Work item.
When you reach the records below, output every one exactly as written but leave out any pictures.

Records drawn from a dataset:
-*-

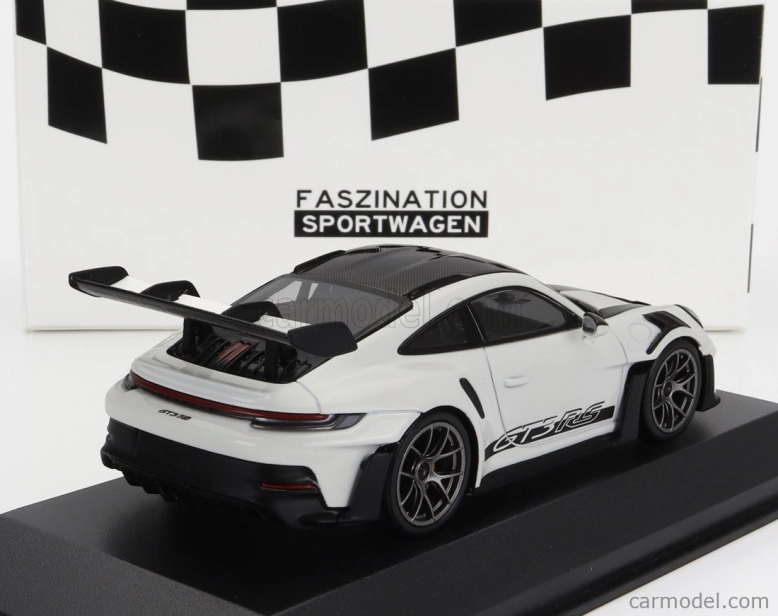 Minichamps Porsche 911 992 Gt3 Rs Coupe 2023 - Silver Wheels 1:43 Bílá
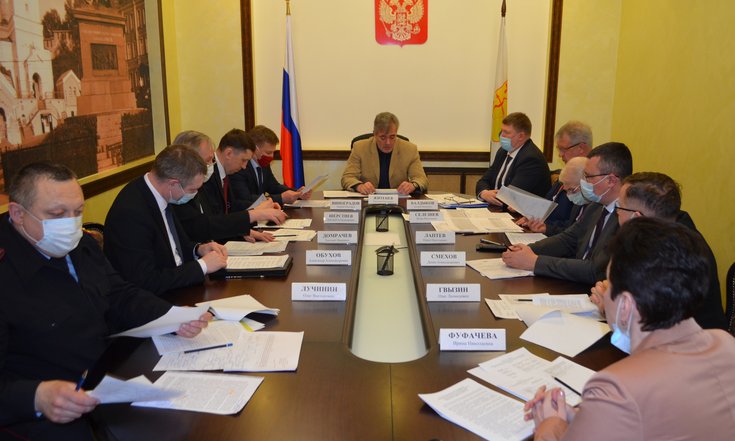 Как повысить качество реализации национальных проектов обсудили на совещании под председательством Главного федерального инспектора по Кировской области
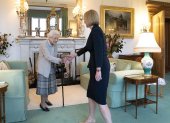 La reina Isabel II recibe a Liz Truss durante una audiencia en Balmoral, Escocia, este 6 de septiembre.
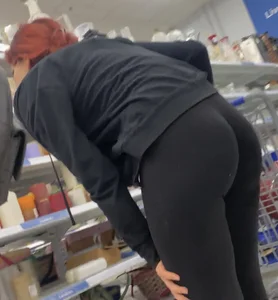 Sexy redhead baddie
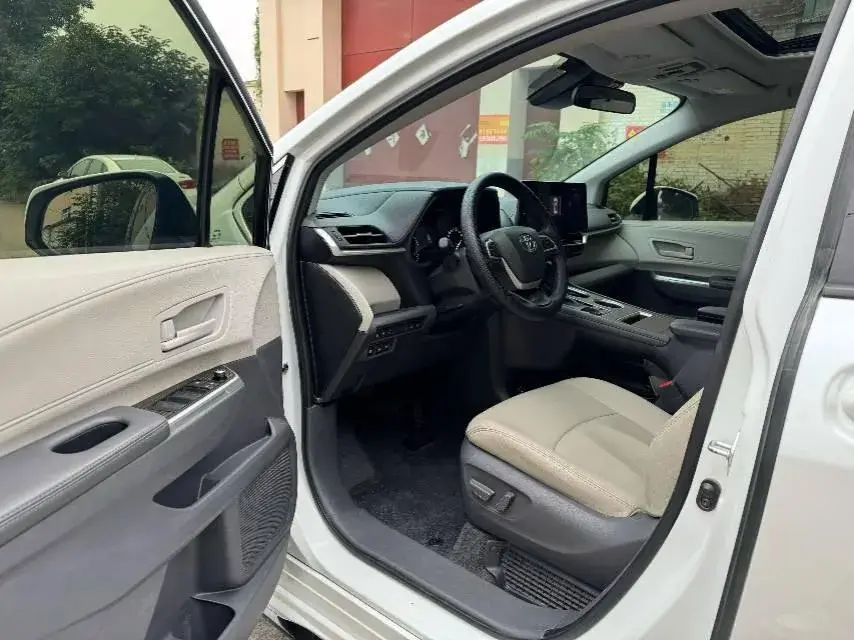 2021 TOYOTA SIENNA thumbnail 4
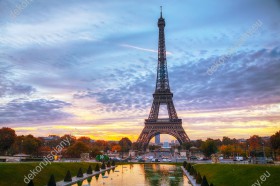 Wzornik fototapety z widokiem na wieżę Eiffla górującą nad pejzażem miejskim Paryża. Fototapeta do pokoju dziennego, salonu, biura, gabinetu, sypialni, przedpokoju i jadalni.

-*-

Exercise solution.
 Minichamps Porsche 911 992 Gt3 Rs Coupe 2023 - Silver Wheels 1:43 Bílá
 Как повысить качество реализации национальных проектов обсудили на совещании под председательством Главного федерального инспектора по Кировской области
 La reina Isabel II recibe a Liz Truss durante una audiencia en Balmoral, Escocia, este 6 de septiembre.
 Sexy redhead baddie
 2021 TOYOTA SIENNA thumbnail 4
 Wzornik fototapety z widokiem na wieżę Eiffla górującą nad pejzażem miejskim Paryża. Fototapeta do pokoju dziennego, salonu, biura, gabinetu, sypialni, przedpokoju i jadalni.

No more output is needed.